▽

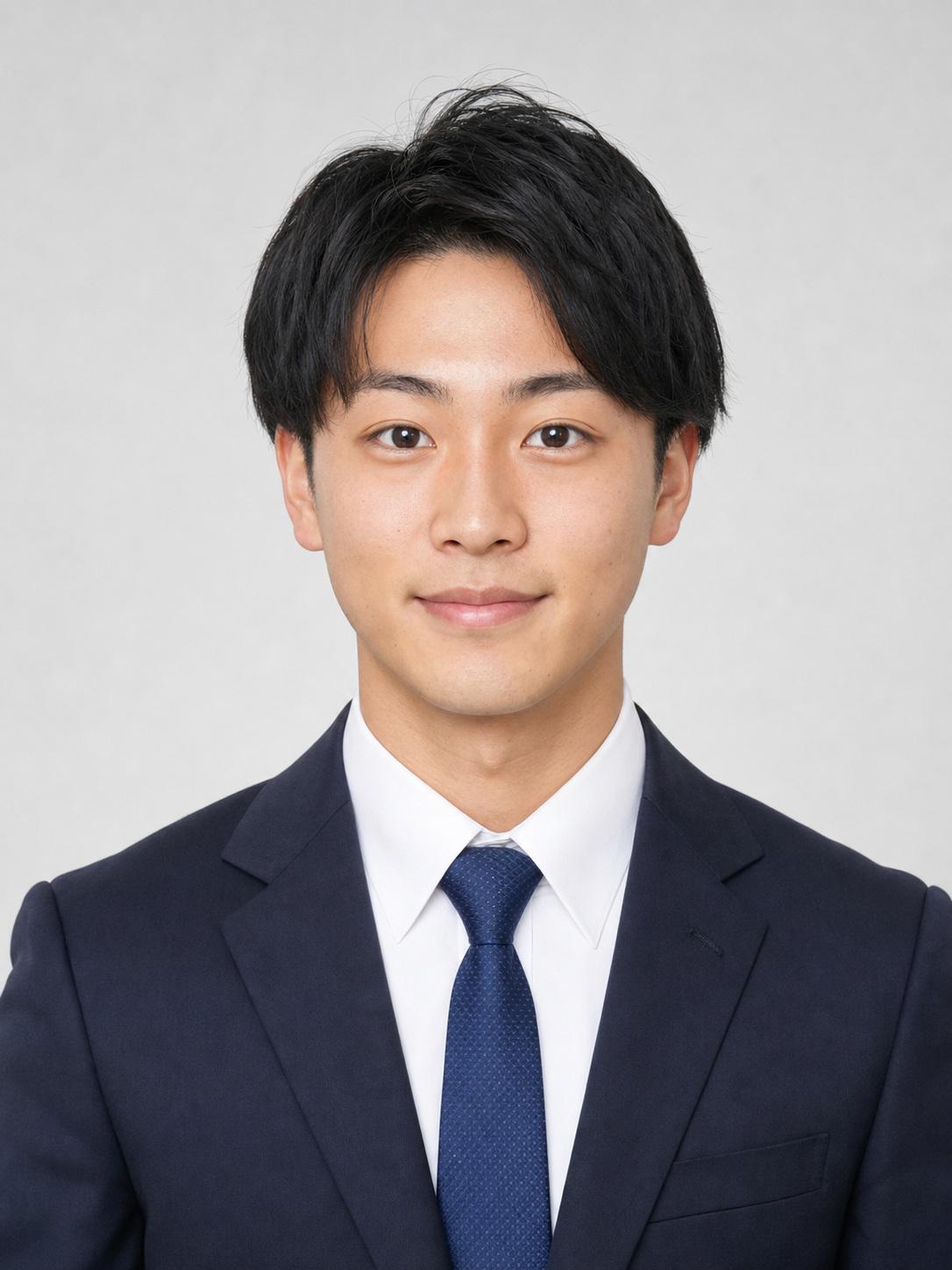 Japanese man in a navy suit on a light gray background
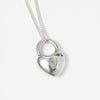 Close Up of Wolf Circus Heart necklace in Sterling Silver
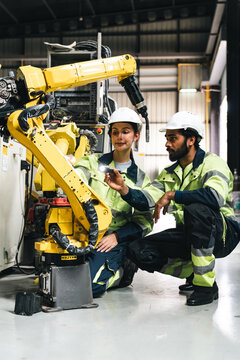 Industrial robot factory worker technician automation manufacturing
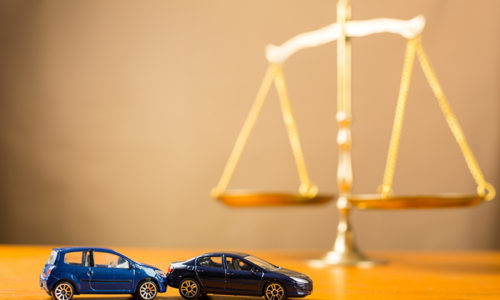 Toy cars in rear-end accident next to scale suggesting different types of personal injury cases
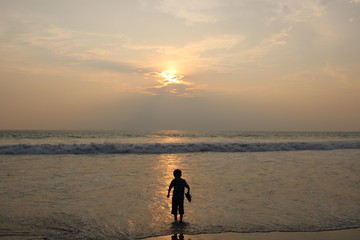 Naklejka premium sylwetka człowieka na plaży o zachodzie słońca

△

Skip every image and output the remaining records exactly.

 Japanese man in a navy suit on a light gray background
 Close Up of Wolf Circus Heart necklace in Sterling Silver
 Industrial robot factory worker technician automation manufacturing
 Toy cars in rear-end accident next to scale suggesting different types of personal injury cases
 Naklejka premium sylwetka człowieka na plaży o zachodzie słońca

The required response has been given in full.